É próprio do ser humano procurar seus semelhantes. E é próprio do ser humano se entristecer quando percebe que não há tantos semelhantes assim. Se sentir um ET, procurar contato e não encontrar é bem desgastante emocionalmente. Mas é próprio do ser humano se alegrar ao encontrar alguns que sentem igual e que vivem situações parecidas. Deus nos criou com uma necessidade vital de nos sociabilizarmos, e é essa necessidade que nos faz procurar uns pelos outros. Chamo a interação com os que são mais iguais do que diferentes de compartilhamento, e a interação com os que são mais diferentes do que iguais de troca. Tanto o compartilhar quanto o trocar são essenciais para a vivência humana. Mas pelo fato de o contato com o diferente ainda ser o mais desafiador, apesar de ser o mais enriquecedor a meu ver, é que procuramos com mais frequência os que nos são semelhantes. E o compartilhamento das mazelas me parece ser mais almejado que o compartilhamento das bênçãos. Acho que a essência humana explica. Nossa natureza fragilizada, necessitada e carente de atenção, nos empurra muito mais no sentido de procurar a princípio quem entenda nossas fraquezas, do que no sentido de procurar quem compartilhe de nossas bem-aventuranças em primeiro lugar.

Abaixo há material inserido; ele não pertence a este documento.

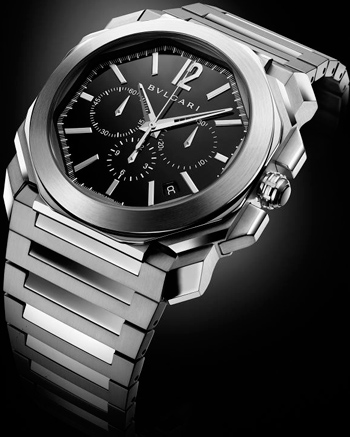 Часы Bulgari Octo Chronograph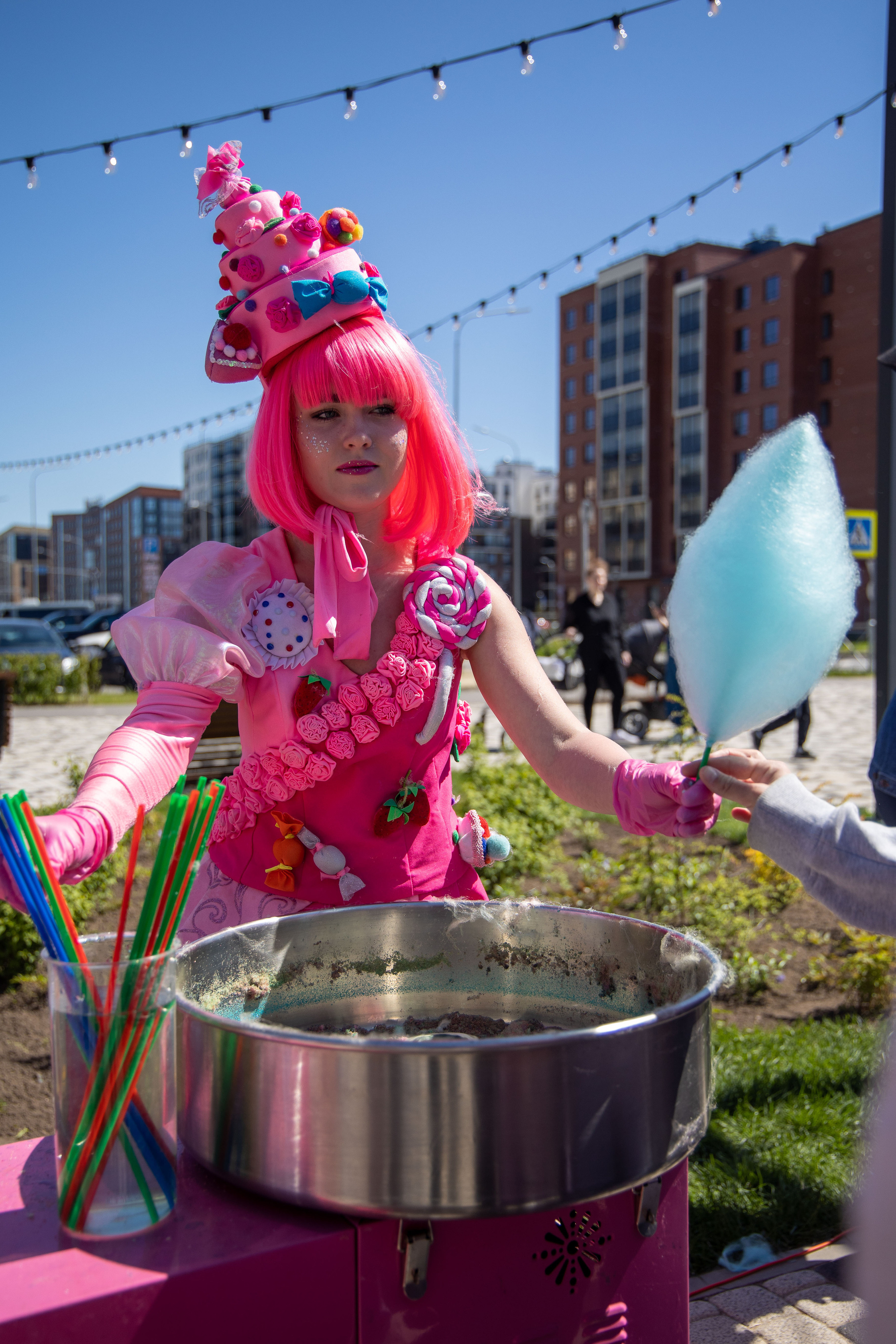 Строительный трест открытие детской площадки в ЖК «NEWПИТЕР»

Mas eu sinto que quando a derrota do outro é semelhante a nossa, a alegria pela vitória deste é como se fosse a alegria pela nossa própria vitória. É a empatia da desventura seguida da empatia da bonança.

Quando a graça é derramada na vida do outro, a esperança de que a nossa desgraça se desfaça também se torna mais tangível. Muitas vezes temos vergonha de compartilhar algumas dores por acharmos que ninguém vai entender. E realmente os que são mais diferentes do que iguais não vão entender direito nossos males. Mas quando alguém que é mais igual do que diferente dá o primeiro passo e expõe suas dores, é comum os demais perderem o constrangimento e começarem a expor suas dores também. Compartilhar da dor de alguém nos deixa alegres quando a cura ou a melhora se fazem na vida dessa pessoa. Só tenho a agradecer a Deus, pois poder compartilhar de derrotas e vitórias alheias tem me ajudado a sentir de maneira mais forte que há a possibilidade de vencer e que é vital o exercício da solidariedade. Pra mim é como aquela história de ter que colocar a minha dor no bolso pra dar atenção a dor do outro.  Várias vezes eu notei que as pessoas só precisam de um pouco de atenção, de alguém que leia sua história ou que ouça, de alguém que se interesse pelo seu sofrimento e que peça notícias de vez em quando. O ser humano de modo geral é carente mas é egoísta, e talvez a carência e o egoísmo estejam de mãos dadas. Cada um só quer falar de si mas poucos dispensam um tempo maior a ouvir os outros. Isso vai adoecendo todo mundo junto. Eu me incluo no grupo dos que precisam ser ouvidos (mesmo não assumindo) e só tenho cada vez mais certeza de que um dos piores males do ser humano é esse: não ser ouvido. Deus sabe tanto disso que inventou a oração. E definitivamente, eu jamais conseguiria ser sem vergonha o suficiente para aceitar ou dar atenção se não fosse esse Deus Maravilhoso na minha vida. Que Ele me ajude a dar mais e precisar de menos.

Música: Lord of Lords (Hillsong/Brooke Fraser).